Cosa è successo in Storm-2949
Secondo il Microsoft Security Blog, gli attori di minacce hanno sfruttato credenziali rubate per accedere a sistemi cloud, muovendosi lateralmente e rubando dati sensibili. L'aspetto critico è che l'attacco non ha fatto affidamento su software malevolo, ma ha sfruttato la fiducia riposta nelle identità legittime, rendendo più difficile il rilevamento.
Rischi per la conformità GDPR
Il GDPR impone obblighi rigorosi in materia di protezione dei dati personali e gestione delle violazioni.

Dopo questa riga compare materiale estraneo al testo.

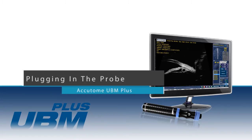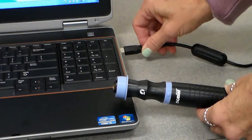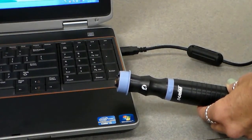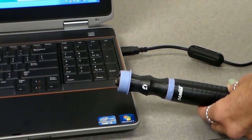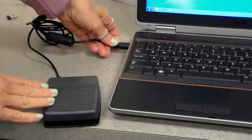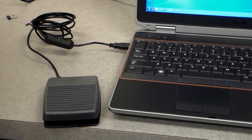Plugging in the probe: once the software is installed, attach the USB cable from the UBM probe to the computer. The UBM probe may take a few moments to install. Your PC should state that this device is ready for use. If desired, the USB foot switch can also be connected to the computer.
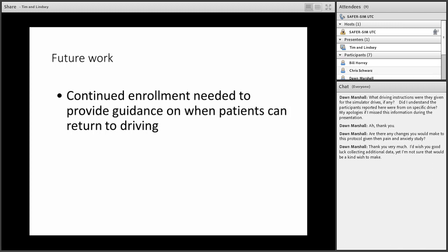The session was opened for any final questions. Upcoming webinars were announced, including one on September 26th about driving simulators for virtual road safety audits. The recording of Tim and Lindsey's presentation will be made available online and sent to registrants within one to two days. Jacob thanked Tim and Lindsey for the presentation, calling it really interesting work.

Un incidente come Storm-2949 può portare a:
- Accesso non autorizzato a dati personali di clienti e dipendenti.
- Diffusione di informazioni sensibili, con potenziali sanzioni fino al 4% del fatturato globale.
- Danno alla reputazione e perdita di fiducia da parte dei clienti.
Misure di sicurezza per prevenire casi simili
Per mitigare rischi di questo tipo, le organizzazioni dovrebbero adottare:
- Autenticazione multi-fattore (MFA): Aggiungere un livello di sicurezza oltre le password.
- Monitoraggio continuo delle attività: Rilevare comportamenti anomali in tempo reale.
- Gestione delle identità e degli accessi (IAM): Principi di minimo privilegio e revoca tempestiva degli accessi.
- Piani di risposta agli incidenti: Procedure chiare per contenere e segnalare le violazioni.
Come sottolineato da Microsoft, "la sicurezza delle identità è fondamentale in un mondo cloud, dove gli attaccanti mirano a sfruttare qualsiasi vulnerabilità per operare indisturbati".
Per PMI e MSP, investire in soluzioni integrate di sicurezza e formare il personale sulla consapevolezza sono passi essenziali per proteggere i dati e rispettare il GDPR.